ROTFLMBO!!!!! Gawd you are sure full of funny statements.
If a ratio results in a reduced ability to perform an operation or function
for a given input, the ratio is less efficient.
Lever anaology: the longer the handle side of a lever, the more efficiently
a person can do a job for a given input force.
And changing final drive ratios and adding underdriven transmission ratios
results in greaterr efficiency.
For someone that keeps putting me down you have very little grasp of
reality. Obviously you are set in the ways you were brainwashed into.
Yes, I'm sure correct statements are pretty funny to someone without a
clue about physics.
No, it isn't more efficient at all as you have to move the lever farther
to accomplish the same amount of work on the other end. The longer the
handle the less force is required, but more distance is required in
direct proportion to the reduced force. Since work is a force acting
through a distance, the end result is no change in efficiency at all.

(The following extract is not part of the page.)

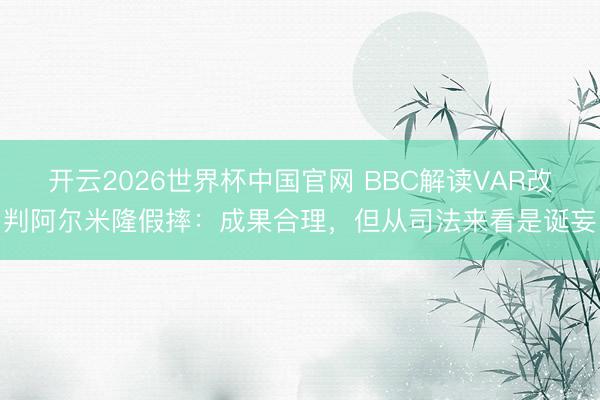 开云2026世界杯中国官网 BBC解读VAR改判阿尔米隆假摔:成果合理,但从司法来看是诞妄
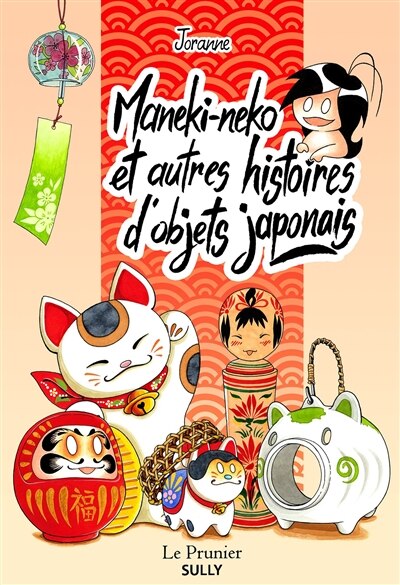 Front cover_Maneki-Neko et autres histoires des objets japonais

Since you aren't able to show the math or physics as you several times
claimed you could, here's a really simple example using a lever which
you claim to understand. I won't complicate things with gears, but they
are just two levers touching each other, but that adds a little
complexity and you don't deal well with that.

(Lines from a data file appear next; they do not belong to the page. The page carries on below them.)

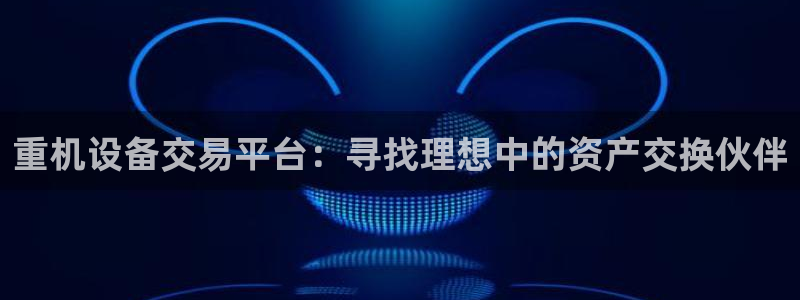 顺盈娱乐最高代理是谁啊：重机设备交易平台：寻找理想中的资产交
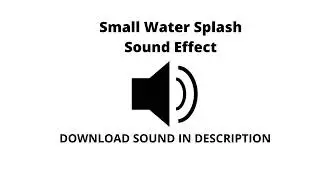 Small Water Splash Sound Effect
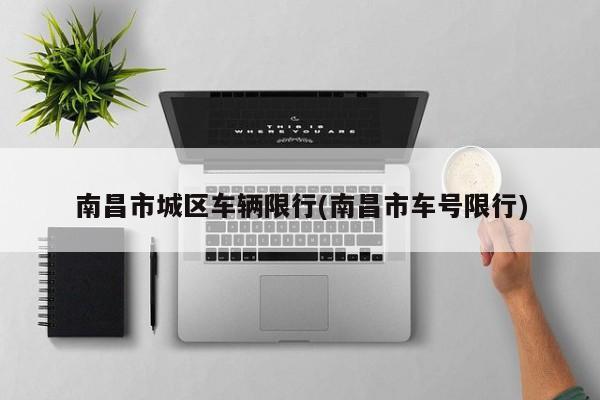 南昌市城区车辆限行(南昌市车号限行)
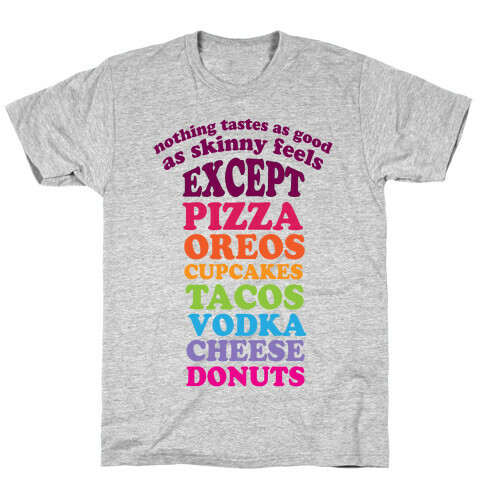 Nothing Tastes As Good T-Shirt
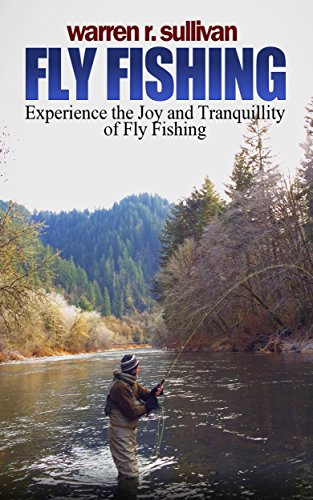 Fly Fishing: Experience the Joy and Tranquillity of Fly Fishing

Definition: Efficiency = work out/work in (the / means "divided by")
Here's a reference simple enough that you should be able to understand
Definition: Work = force * distance (the * means "multiplied by")
Again, here's a pretty simple reference (high school level):
Now we have a lever that is 10 feet long with the fulcrum in the middle.
Let's say we put a 100 lb. weight on one end. If we move the other
end of the lever down by 1 ft we will lift the weight 1 ft. The work
out is the work done on the weight, which is 100 ft-lbs. The work in is
the work done by whatever pushed down on the lever and this is also 100
ft-lbs since we had a force of 100 lbs acting through a distance of 1
ft. Thus the efficiency is 100/100 or 1.
Now shift the fulcrum such that it is 9 feet from the weight and 1 foot
from whatever or whoever is pushing on the lever. Now to lift the 100
lb weight, we will have to push down with a force of 900 lb. You keep
claiming that we have now lost efficiency since it now requires more
force on the lever than before. However, let's do the math. Again,
let's raise the weight 1 ft to keep the work out the same as before at
100 ft-lbs. How far does the lever have to be pushed down to raise the
weight 1 ft? Since the ratio is 1:9, we have to push the lever down
only 1/9th of a foot to raise the weight one foot. So how much work
does this require? It requires force * distance or 900 lbs * 1/9 ft
which equals ... drum roll please ... 100 ft-lbs. Now lets calculate
our efficiency again. It is equal to 100/100 or 1. Doesn't this sound
familiar? Let's see, why yes, it is the SAME as when the ratio of the
lever was 1:1. Imagine that, the lever ratio doesn't change the
efficiency at all. :-)
If you equate understanding basic physics and math with being
brainwashed, then I'm guilty as charged. OK, I demonstrated pretty
clearly above that changing the ratio of a lever has NO affect on the
efficiency of the lever. It changes the ratio of forces, but has ZERO
affect on the efficiency of work/power transfer.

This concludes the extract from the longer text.